Ireland 2015: A Whale of a Time

10 Mar 2015 | Giada Vercelli


With the clock ticking down to the Euromoney Ireland Conference in Dublin, timing is on our side. On Thursday, we’ll singlehandedly gather together policy and market-makers’ first reactions on current game-changing events.

The ECB’s programme of bond purchases, finally launched on Monday, has lead banks, pension funds and insurers across the continent to hoard government bonds in the weeks before its take-off, both for regulatory and accounting reasons. How are the Irish banks participating? Do they use it for repos or outright sale? And on the Irish DMO’s side, how is European QE affecting the market? The ECB’s governor Mario Draghi has made it clear that securities will not be purchased if their yields are below the ECB’s deposit rate of minus 0.2%. Will this be sufficient? Will the plan lead to a scarcity of fixed-income assets? These questions are particularly poignant for the Irish National Treasury Management Agency, which has been able to give a full calendar of bond auctions this year for the first time since Ireland was locked out of the international debt markets in November 2010. The NTMA plans to raise 12 billion to 15 billion euro over the course of the year to repay the remaining 9 billion euro in IMF loans.

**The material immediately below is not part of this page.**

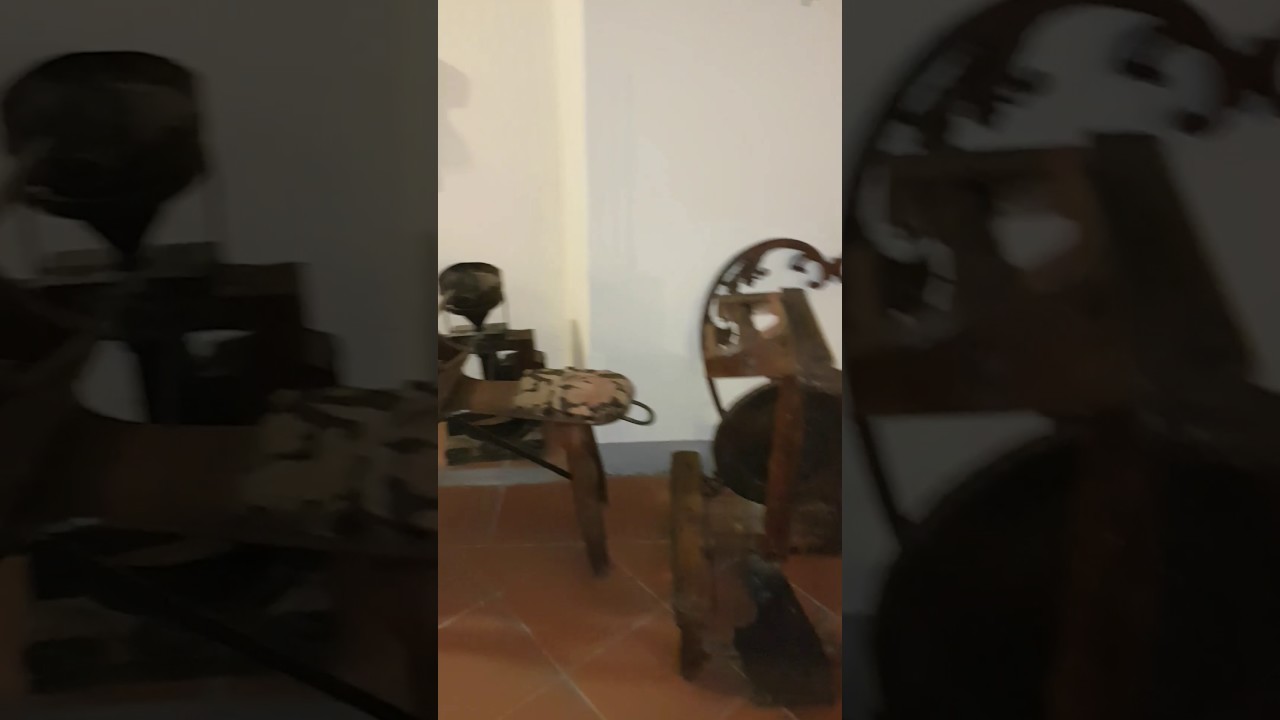 Vecchi macchinari. ...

Ireland’s debt to GDP ratio is expected to fall to 110.3% in 2015 and to 108% in 2016. Ireland’s banks’ holdings, whose bail outs ski-rocketed Irish debt, are a pillar of the debt reduction strategy. The first annual profit of Allied Irish Bank, one of the banks rescued by the Irish taxpayers between 2008 and 2010, may signal the return of the government’s holdings to shareholders in 2015. With David Duffy, the man at the helm of the turnaround, leaving the bank just ahead of reaping the merit that would come with a return to the stock market, Dublin is the place to have an in-depth discussion on the banking sector this week.

With a debt level double the 60% or less sought by the EU, Ireland is still exposed to external shocks. The slowdown in the euro and the performance of the British economy may affect the country’s energetic recovery. At the conference we’ll discuss the prominence of the Irish brand in the US, and how net exports should continue to grow in spite of slowing growth in the UK and the euro-area. Ireland is set to remain the fastest-growing economy in the EU with growth of 3.5% predicted for 2015.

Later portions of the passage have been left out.